--- START ---

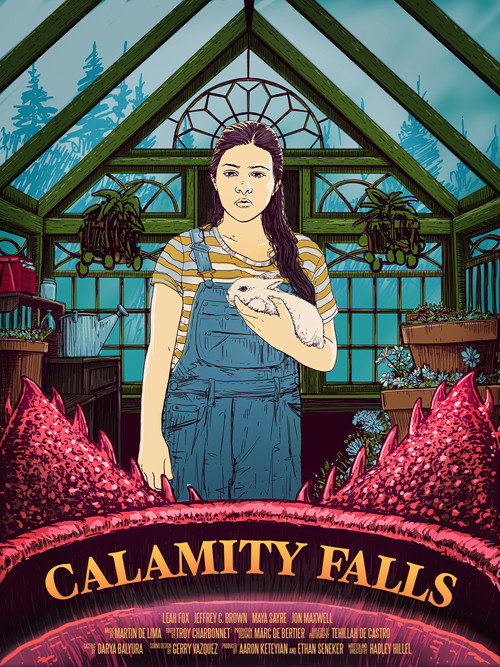 Movie poster for Calamity Falls (2018)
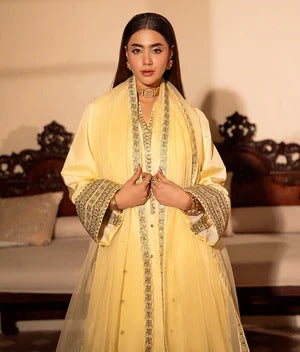 Amber ✨MFLN-1009 3PC DHANAK EMBROIDERED SUIT-PK-5746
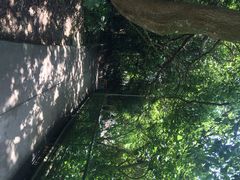 iphone_upload_pic-南丫岛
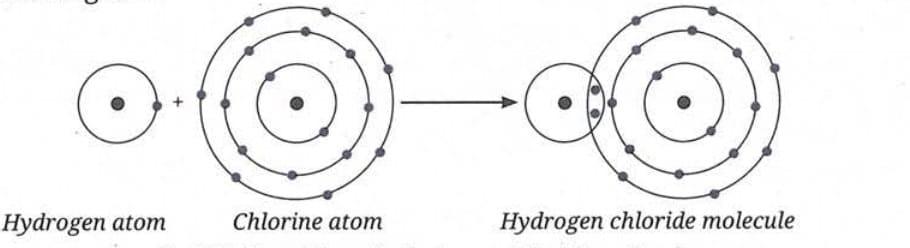 B. Molecules of Compounds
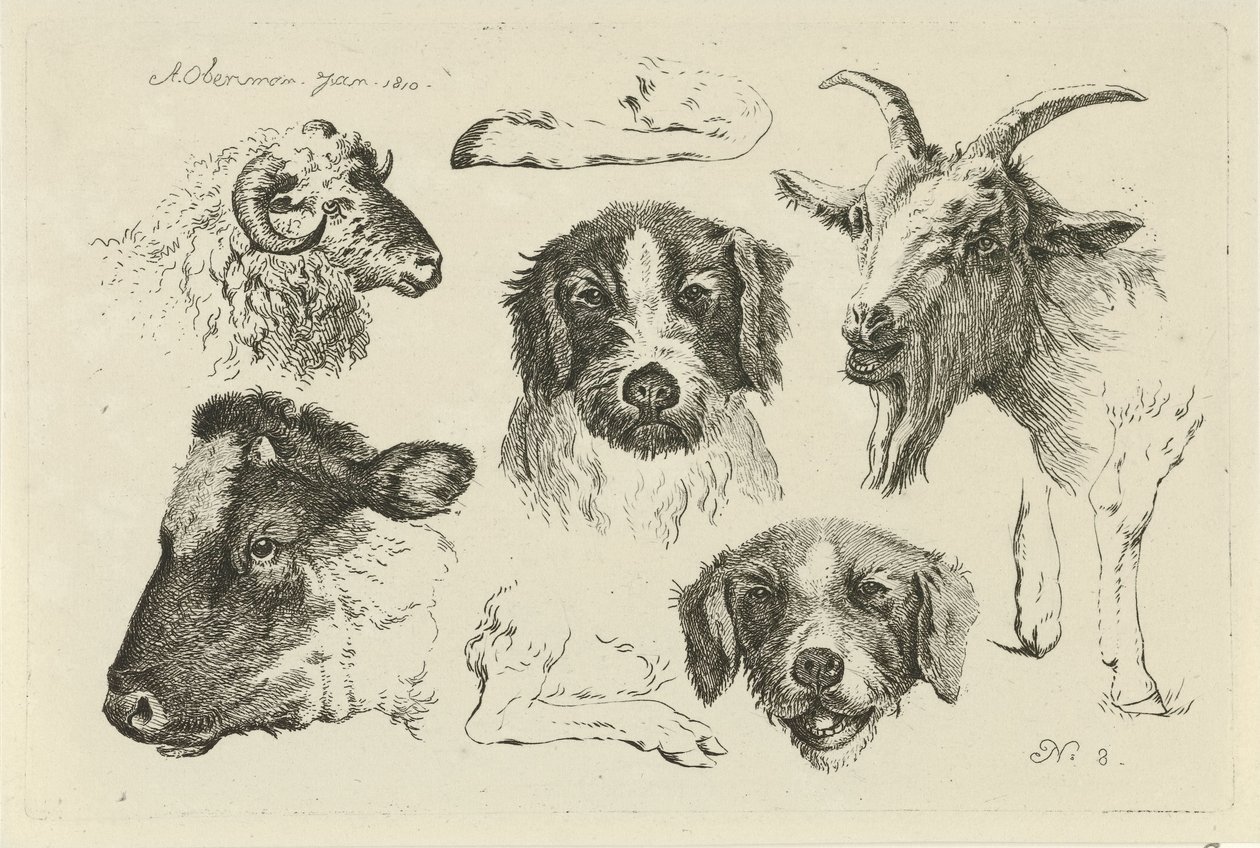 Cabeça e patas de animais
Estudos de vacas, ovelhas e cabras (título da série) de Anthony Oberman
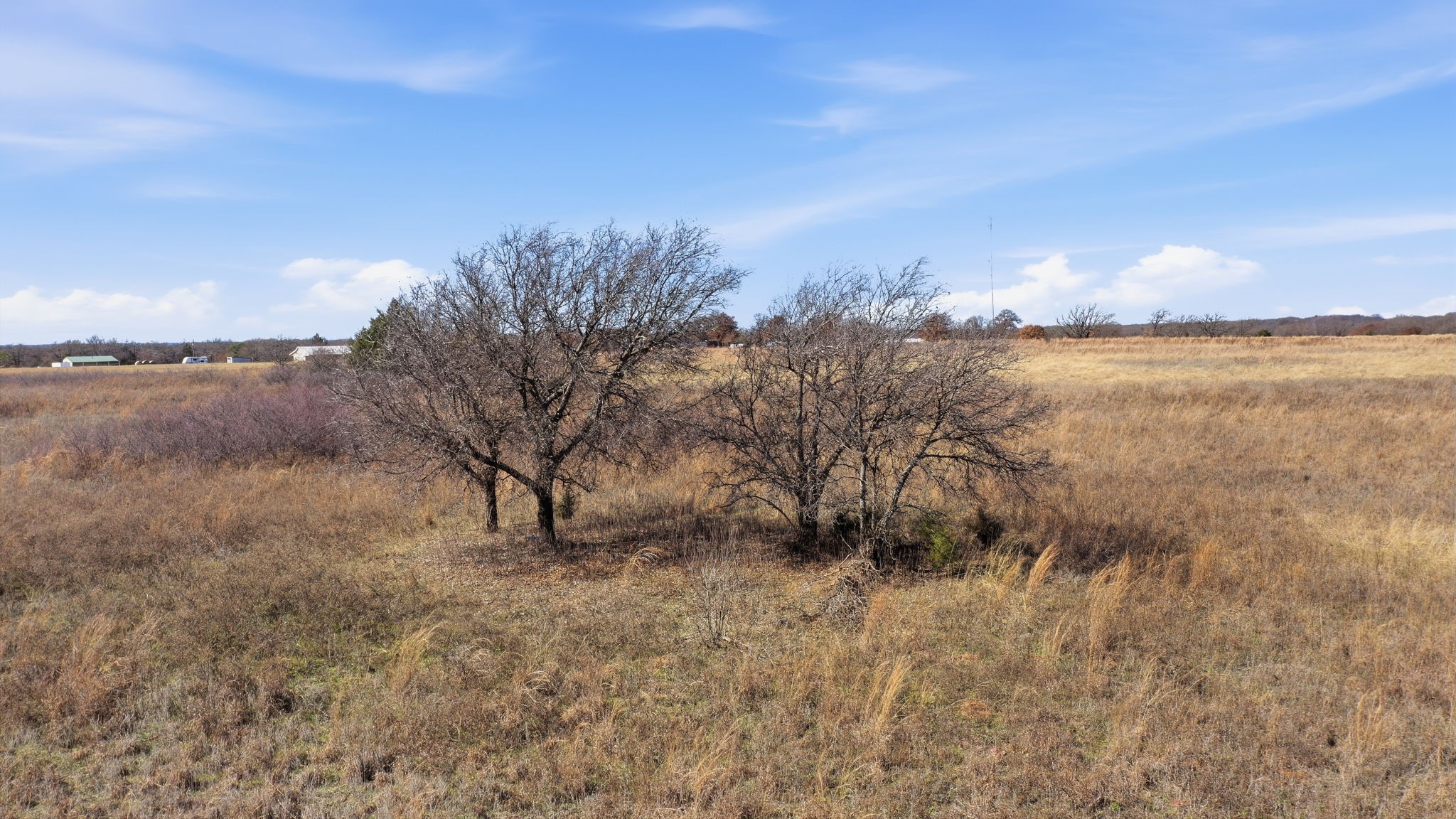 Tbd Highway 81 Alvord TX 76225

--- END ---

*EXERCISE DETAILS:* To complete this exercise, repeat exactly the lines above from the one holding "iphone_upload_pic-南丫岛" to the end of the listing, both included, and leave the pictures out.

*RESPONSE:*
 iphone_upload_pic-南丫岛
 B. Molecules of Compounds
 Cabeça e patas de animais
Estudos de vacas, ovelhas e cabras (título da série) de Anthony Oberman
 Tbd Highway 81 Alvord TX 76225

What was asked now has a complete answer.